— EXERCISE INSTRUCTIONS —
Taking the line that contains "503 Calvert Avenue, Clinton, SC 29325 - #3" as the first, copy each line exactly up to and including the last line below.

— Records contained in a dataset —
........

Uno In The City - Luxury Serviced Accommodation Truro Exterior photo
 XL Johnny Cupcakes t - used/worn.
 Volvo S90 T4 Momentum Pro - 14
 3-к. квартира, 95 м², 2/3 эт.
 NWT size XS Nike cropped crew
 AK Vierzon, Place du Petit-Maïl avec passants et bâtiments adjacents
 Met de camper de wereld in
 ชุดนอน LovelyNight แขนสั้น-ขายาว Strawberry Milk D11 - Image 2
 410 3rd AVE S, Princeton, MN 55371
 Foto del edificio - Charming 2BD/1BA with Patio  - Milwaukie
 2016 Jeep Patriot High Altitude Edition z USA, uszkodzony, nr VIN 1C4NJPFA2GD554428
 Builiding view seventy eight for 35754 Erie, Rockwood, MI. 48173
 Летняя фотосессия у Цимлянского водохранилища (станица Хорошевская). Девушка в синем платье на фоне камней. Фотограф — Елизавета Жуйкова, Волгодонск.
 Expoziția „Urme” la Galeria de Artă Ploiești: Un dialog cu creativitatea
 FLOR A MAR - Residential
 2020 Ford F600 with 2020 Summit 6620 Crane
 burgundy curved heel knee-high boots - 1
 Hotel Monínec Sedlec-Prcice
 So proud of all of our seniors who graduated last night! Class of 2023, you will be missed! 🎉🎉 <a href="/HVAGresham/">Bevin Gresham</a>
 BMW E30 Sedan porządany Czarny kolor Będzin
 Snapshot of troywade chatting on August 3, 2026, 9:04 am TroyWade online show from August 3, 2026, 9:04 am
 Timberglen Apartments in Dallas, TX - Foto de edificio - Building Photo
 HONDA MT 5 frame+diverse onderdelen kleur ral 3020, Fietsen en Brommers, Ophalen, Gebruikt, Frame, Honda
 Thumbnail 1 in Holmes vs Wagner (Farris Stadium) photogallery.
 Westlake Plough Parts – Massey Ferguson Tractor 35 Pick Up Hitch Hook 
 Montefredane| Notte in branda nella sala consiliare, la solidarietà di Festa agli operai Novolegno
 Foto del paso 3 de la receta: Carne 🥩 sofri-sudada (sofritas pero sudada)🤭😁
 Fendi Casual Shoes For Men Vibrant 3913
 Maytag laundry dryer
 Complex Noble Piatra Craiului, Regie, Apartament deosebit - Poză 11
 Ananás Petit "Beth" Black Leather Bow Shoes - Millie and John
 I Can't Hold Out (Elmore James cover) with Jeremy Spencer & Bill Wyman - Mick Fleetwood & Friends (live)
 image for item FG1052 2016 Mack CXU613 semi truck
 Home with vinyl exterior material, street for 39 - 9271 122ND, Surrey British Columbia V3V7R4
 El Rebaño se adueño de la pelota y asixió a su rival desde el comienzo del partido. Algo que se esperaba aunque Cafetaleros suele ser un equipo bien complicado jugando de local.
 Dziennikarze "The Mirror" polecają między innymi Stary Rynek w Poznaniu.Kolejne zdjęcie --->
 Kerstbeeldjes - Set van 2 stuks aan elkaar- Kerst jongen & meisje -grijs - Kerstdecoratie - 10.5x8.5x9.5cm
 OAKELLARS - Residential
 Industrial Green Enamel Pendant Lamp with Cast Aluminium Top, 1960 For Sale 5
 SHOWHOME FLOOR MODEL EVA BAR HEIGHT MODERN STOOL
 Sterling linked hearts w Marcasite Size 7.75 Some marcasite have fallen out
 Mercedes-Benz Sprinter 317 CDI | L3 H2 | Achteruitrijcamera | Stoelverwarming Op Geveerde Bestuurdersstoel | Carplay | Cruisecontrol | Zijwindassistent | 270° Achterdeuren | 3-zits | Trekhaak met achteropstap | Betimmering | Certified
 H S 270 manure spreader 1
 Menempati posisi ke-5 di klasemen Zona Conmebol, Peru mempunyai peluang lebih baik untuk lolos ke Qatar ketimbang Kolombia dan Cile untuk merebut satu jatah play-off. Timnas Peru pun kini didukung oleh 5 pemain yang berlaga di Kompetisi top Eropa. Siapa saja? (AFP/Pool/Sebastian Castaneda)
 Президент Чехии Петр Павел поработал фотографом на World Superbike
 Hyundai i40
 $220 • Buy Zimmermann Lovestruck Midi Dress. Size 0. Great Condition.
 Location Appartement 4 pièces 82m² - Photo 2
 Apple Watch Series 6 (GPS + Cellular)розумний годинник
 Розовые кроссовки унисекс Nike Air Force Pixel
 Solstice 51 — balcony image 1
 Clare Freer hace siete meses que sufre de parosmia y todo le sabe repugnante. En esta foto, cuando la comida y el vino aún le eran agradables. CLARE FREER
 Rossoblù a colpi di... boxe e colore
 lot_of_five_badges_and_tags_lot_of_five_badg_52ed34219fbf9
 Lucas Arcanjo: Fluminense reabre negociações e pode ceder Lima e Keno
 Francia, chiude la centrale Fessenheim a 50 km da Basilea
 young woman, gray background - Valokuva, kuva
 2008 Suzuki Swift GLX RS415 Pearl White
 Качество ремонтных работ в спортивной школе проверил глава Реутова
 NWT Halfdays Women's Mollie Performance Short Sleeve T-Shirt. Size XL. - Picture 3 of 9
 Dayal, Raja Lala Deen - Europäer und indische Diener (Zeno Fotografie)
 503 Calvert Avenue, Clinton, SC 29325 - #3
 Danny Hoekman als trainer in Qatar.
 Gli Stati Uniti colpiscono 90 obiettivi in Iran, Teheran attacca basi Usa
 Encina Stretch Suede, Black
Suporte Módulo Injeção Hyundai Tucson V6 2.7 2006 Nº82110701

........

— FINAL ANSWER —
 503 Calvert Avenue, Clinton, SC 29325 - #3
 Danny Hoekman als trainer in Qatar.
 Gli Stati Uniti colpiscono 90 obiettivi in Iran, Teheran attacca basi Usa
 Encina Stretch Suede, Black
Suporte Módulo Injeção Hyundai Tucson V6 2.7 2006 Nº82110701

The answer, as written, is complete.